In order to determine how much cpu time was being spent, and where, I developed kprofile. kprofile is a kernel patch that allows me to put timers in the kernel, and access results through a proc interface. It has a low enough overhead that it shouldn't noticeably affect the code that it's measuring.
I measured time spent in each state of the RPC's finite state machine, and time spent on queus. I also had a timer that measured the lifetime of each RPC. Hypothetically, the time spent in the different state machine states plus the time spent on queues should add up to the total execution time. However, I encountered discrepancies as large as 30%. In order to get percentages that would add up to 100%, I used an 'adjusted lifetime', which is the sum of the adjusted average times in each state and queue.
The adjusted average time accounts for an individual RPC going through a state or queue more than once, or some RPCs not going through a particular state or queue. For instance, most write requests go through call_reserve twice, so the adjusted average is twice the average time that call_reserve took.

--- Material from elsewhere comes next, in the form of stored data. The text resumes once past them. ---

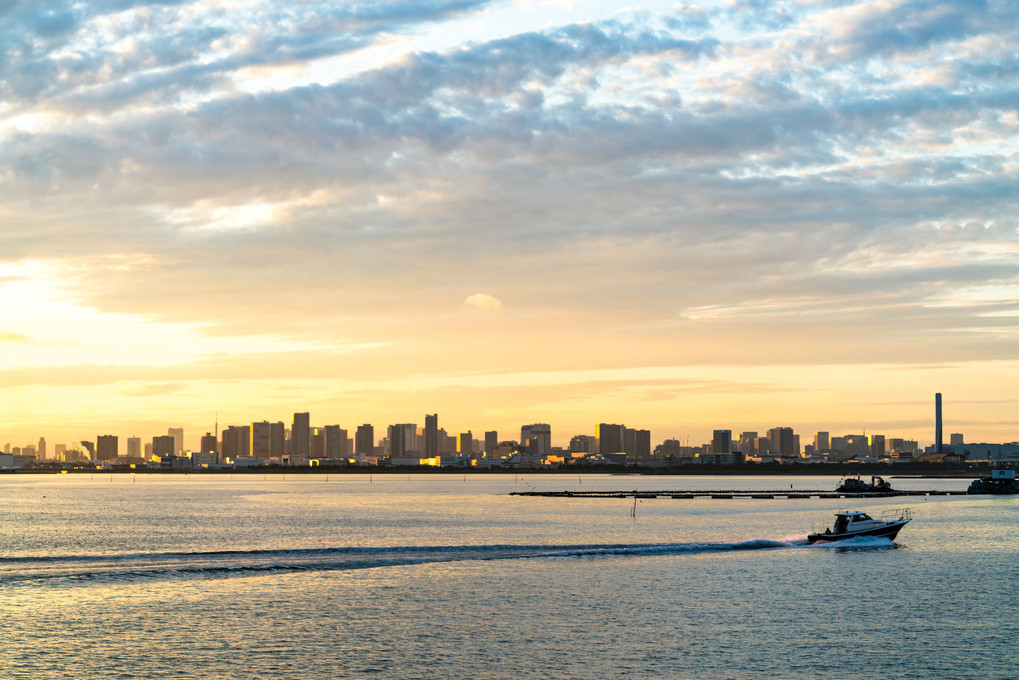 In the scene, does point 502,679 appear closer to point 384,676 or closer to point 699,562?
point 384,676

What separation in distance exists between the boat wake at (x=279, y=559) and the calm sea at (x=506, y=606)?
343 mm

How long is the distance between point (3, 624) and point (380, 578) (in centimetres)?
3210

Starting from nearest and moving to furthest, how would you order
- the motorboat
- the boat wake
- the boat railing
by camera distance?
1. the boat wake
2. the motorboat
3. the boat railing

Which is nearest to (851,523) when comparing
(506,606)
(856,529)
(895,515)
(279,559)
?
(856,529)

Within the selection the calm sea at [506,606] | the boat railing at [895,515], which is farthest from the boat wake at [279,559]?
the boat railing at [895,515]

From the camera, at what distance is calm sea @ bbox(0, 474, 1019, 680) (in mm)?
54375

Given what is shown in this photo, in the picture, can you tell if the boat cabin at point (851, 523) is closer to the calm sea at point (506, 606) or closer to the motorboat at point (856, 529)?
the motorboat at point (856, 529)

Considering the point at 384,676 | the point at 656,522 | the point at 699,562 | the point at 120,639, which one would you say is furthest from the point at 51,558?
the point at 656,522

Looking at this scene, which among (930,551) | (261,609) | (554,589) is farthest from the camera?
(930,551)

There are three percentages I calculated. As I mentioned before, all of them use the adjusted lifetime. The first percentage accounts for all states and queues. The second one subtracts the time spent on the backlog and the schedq from the total time, which leaves in network and processing time. The final percentage subtracts out time spent in call_transmit (sending the rpc) and on the pending queue (waiting for a server reply). This leaves only actual processing time, and shows where the most processing time is being spent.
Testing was performed from one of our Dual 933 MHz PIII's against a Network Appliance F85 file server.

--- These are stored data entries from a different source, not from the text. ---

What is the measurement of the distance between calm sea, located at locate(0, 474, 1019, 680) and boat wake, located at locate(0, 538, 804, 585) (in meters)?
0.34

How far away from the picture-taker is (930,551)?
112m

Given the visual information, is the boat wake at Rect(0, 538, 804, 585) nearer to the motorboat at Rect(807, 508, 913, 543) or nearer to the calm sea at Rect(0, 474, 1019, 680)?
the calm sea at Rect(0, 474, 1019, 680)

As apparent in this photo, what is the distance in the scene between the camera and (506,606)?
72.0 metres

All time measurements are in ns.
Here are the results for read and write RPC's.
adjusted lifetime: 809937
adjusted lifetime: 8281676
The second percentage is useful for comparing client processing vs network and server processing. For a read, 2% of the time is spent transmitting the request to the server, and 95% of the time is spent waiting for the reply. Only 3% of the time is spent processing the request on the client.
Similarly, for a write, 7% of the time is spent transmitting the request, and 90% of the time is spent waiting for the server's reply.

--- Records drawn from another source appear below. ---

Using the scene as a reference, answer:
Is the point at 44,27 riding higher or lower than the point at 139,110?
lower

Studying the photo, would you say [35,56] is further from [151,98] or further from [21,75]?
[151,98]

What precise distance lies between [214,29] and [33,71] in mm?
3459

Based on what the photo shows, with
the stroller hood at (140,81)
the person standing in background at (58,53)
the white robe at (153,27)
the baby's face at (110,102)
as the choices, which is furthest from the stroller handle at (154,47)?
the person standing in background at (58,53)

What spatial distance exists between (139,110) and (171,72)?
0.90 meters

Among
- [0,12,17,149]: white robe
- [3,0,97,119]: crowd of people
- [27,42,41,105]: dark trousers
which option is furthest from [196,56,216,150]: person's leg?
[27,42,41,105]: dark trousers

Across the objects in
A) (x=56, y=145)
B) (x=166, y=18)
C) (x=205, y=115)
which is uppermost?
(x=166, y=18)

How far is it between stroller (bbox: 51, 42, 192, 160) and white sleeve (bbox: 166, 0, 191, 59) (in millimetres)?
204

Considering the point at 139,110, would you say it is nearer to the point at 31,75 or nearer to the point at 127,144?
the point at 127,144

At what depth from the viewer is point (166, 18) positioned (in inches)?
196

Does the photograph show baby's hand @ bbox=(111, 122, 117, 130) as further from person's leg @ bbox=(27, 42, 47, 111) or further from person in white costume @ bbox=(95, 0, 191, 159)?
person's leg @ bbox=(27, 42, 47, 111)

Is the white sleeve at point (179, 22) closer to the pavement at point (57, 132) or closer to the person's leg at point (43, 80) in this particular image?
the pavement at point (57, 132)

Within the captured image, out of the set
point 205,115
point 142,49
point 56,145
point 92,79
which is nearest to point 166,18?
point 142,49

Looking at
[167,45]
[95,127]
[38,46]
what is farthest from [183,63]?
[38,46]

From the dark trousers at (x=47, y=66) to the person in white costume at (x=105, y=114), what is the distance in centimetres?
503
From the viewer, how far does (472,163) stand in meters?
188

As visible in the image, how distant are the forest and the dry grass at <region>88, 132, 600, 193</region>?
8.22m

From these results, it appears that most of the time is spent either transmitting the request, or waiting for the server to do the work and send a reply. In order to determine if client processing time is ever significant, I exercised all of the rpc types by running the sun connectathon suite, and looked for the rpc type that had the least time in call_transmit and on the pending queue. This rpc turned out to be FSINFO, which is a request for information about the file system.
adjusted lifetime: 102796
Even here, only 4% of the time is spent doing processing on the client side.
Processing on the client side is a very small fraction of the time spent executing an RPC. There is little to be gained from optimizing the code to further reduce processing time.
This does not necessarily mean that the client side RPC code cannot be improved. While there is little to be done to reduce the time it takes for an individual RPC's execution time, it still remains to be seen whether overall throughput can be improved. I believe that the best way to determine this is to find out if the server is always being kept busy. If the server always has as much work than it can handle, increasing throughput from the client will only bog down the server. If it does not, then there may be improvements to be made on the client side.
I've been unable to determine why the individual times do not add up to the total time. There are some places that time is not measured, such as in rpc_execute, between finite state machine steps. However, I believe these times are fairly trivial. This matter may warrant further investigation, but I don't think it significantly affects my results or conclusions.